NormanTebbit · 15/08/2011 09:25

They didn't happen in Scotland and Wales and NI because they are different countries

Claig, many summer projects have closed down and 44 % of children in Hackney live in poverty. In Haringey youth project funding has been slashed by 75%, eight of the borough 13 youth clubs have shuit.

For the kids it's a message from the government. We don't care about you. For aspirational kids, their EMA has been cut and they face the most competitive clearing for university ever before fees are hiked to the maximum.

I think there is a moral bankruptcy but it pervasive through all sections of society.

claig · 15/08/2011 09:41

I agree that there is a moral bankruptcy from top to bottom.

But cancellation of summer projects doesn't cause looting. The whole nation is feeling the impact of what the bankers did. Many have lost their jobs, and taxes like VAT, have increased.

But Labour MP, Diane Abbott and Chuka Umunna, have got it right.

'Miss Abbott said: 'Cuts don't turn you into a thief. What we saw was people thieving for hours. Mr Umunna said the violence in London was 'totally opportunistic and utterly unacceptable'.

and as the New Statesman editorial said

'Many of the cuts deemed responsible for the violence have not even taken effect.'

claig · 15/08/2011 09:48

Many people have lost their homes and businesses, not just EMA, due to what the bankers did. But they aren't rioting.

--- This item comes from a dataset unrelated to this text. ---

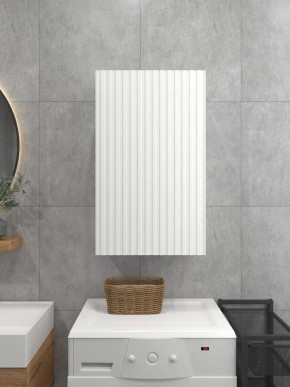 Шкаф навесной для ванной MH8-MA 600х750 (Белый-М 10.1.1) Белый глянец в Ишиме - ishim.mebel24.online | фото 2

Small shopkeepers and residents have lost all their possessions, burnt out by the rioting youths. They've lost far more than EMA and cancelled summer projects and cut back youth funding, but they won't be rioting.

Ephiny · 15/08/2011 10:01

I agree about 'moral poverty'. Many people are struggling financially and not able to have the lifestyle and opportunities they'd ideally like, but that doesn't make someone behave like this. What to do about it, however, is a difficult question...

conculainey · 15/08/2011 13:53

I think the regional problem with rioting could be down to regional over population, N.I for example has a tiny population of 1.7 million, Scotland has only 6 million leaving the rest of the population of around 60 million living in England alone mainly in the South of the country, that is far too many people in a small area compared to the U.K as a whole.
Another possible reason is the different legal systems in the 3 main regions of the U.K, England seems to have a very soft legal system when compared with N.I so the threat of a heavy fine or imprisonment could well be a deciding factor when it comes to rioting, Living in N.I I was amazed how soft the Police were treating the rioters, all police officers in N.I attend riots with baton rounds, gas , live ammunition and sometimes water cannon but due to legal restraints these weapons cannot be used in England, that gives the rioters a free hand as the police have nothing in the way of defence against petrol bombs, rocks and bottles which is frankly just crazy and something the police and goverment need to sort out sooner rather than later.
There was minor rioting in N.I on Saturday 13th but for a different reason, petrol bombs were thrown along with a blast bomb, a few cars/vans were set on fire but thankfully no one was injured and the culprits have been arrested and charged.

Abra1d · 15/08/2011 14:27

I agree, too, that moral poverty affects all classes: top to bottom. It seems very hard to bring up children with any kind of hard sense of what is right and what is wrong. Fortunately their teachers at school are good. But we've just found out that one of their out-of-school sports instructors has been fired for stealing to buy drugs. And this was a sport we chose (riding) SPECIFICALLY because we wanted something wholesome, out of doors, involving responsibility, etc.

Obviously the right and wrong business starts and ends at home, and parents are the best role models, but you'd hope that society would back up what you were telling your children. Fortunately we still have the lovely adults at our local athletics club, who volunteer to coach and are honest and straightforward and brilliant role models.

Conculainey, you are right about over-population. Sometimes I feel that those not in the SE don't understand the effects of too many people in a small area. When I'm in the north of Scotland people are more relaxed. They don't feel jammed in and stressed in the same way people down here do.